Optional dependencies¶
A new [orc] extra in pyproject.toml
gates the pyorc dependency. The [all] umbrella extra picks it
up automatically; existing user installs of bqemulator[avro] keep
working without ORC support.
Avro logical-type coverage¶
The recorded conformance fixture set covers these Avro logical
types: decimal, date, timestamp-millis, timestamp-micros.
Logical types BigQuery itself doesn't surface (uuid,
local-timestamp-*, time-millis/time-micros at full precision)
are out of scope by definition — BigQuery's load path either
coerces to a supported type or rejects them, and the emulator
matches that surface.
Error envelope¶
Two new classifier branches in the executor (_is_missing_extension_error
for Avro load + Avro extract) plus a new helper module
(src/bqemulator/jobs/orc_reader.py).

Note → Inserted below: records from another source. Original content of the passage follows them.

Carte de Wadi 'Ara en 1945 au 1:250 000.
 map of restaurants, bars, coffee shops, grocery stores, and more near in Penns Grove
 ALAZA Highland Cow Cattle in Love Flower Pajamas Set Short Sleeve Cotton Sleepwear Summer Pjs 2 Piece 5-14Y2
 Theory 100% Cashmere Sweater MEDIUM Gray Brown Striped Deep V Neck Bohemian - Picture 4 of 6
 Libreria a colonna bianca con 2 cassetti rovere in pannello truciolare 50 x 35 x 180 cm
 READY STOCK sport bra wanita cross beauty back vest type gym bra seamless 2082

Both branches preserve the
existing error_mapper chain — missing-file / schema-mismatch errors
flow through the standard BigQuery-shape translator unchanged.
Alternatives considered¶
- Apache Arrow
pyarrow.avrofor Avro read/write —pyarrowlacks a stable Avro module (the experimentalpyarrow.dataset.avroreader is not officially supported and was removed in recent releases). Rejected. fastavrofor Avro write fallback — a viable fallback if DuckDB's COPY TO AVRO ever regresses, but adds a second code path with subtle Arrow-→-Avro-schema mapping logic. Tabled as a fallback to wire in only if the DuckDB path fails in CI.- A custom ORC codec — multi-day scope; ORC's documented but
intricate stripe/footer format does not justify reinvention when
pyorcexists. - Routing both formats through
pyarrow.dataset—pyarrowsurfacesread_orc(via thepyorcpackage internally for ORC, or its own C++ implementation when available). Rejected for ORC because thepyarrowORC binding is not built by default in the pyarrow wheels and would force operators to compile from source.
Related work¶
- G2 (multipart/resumable upload endpoints) — closes the load-from-local-file path the four client libraries use by default. Independent of G1.
- G3 (Storage Read Avro encoding) — extends the Storage Read API beyond Arrow. Independent.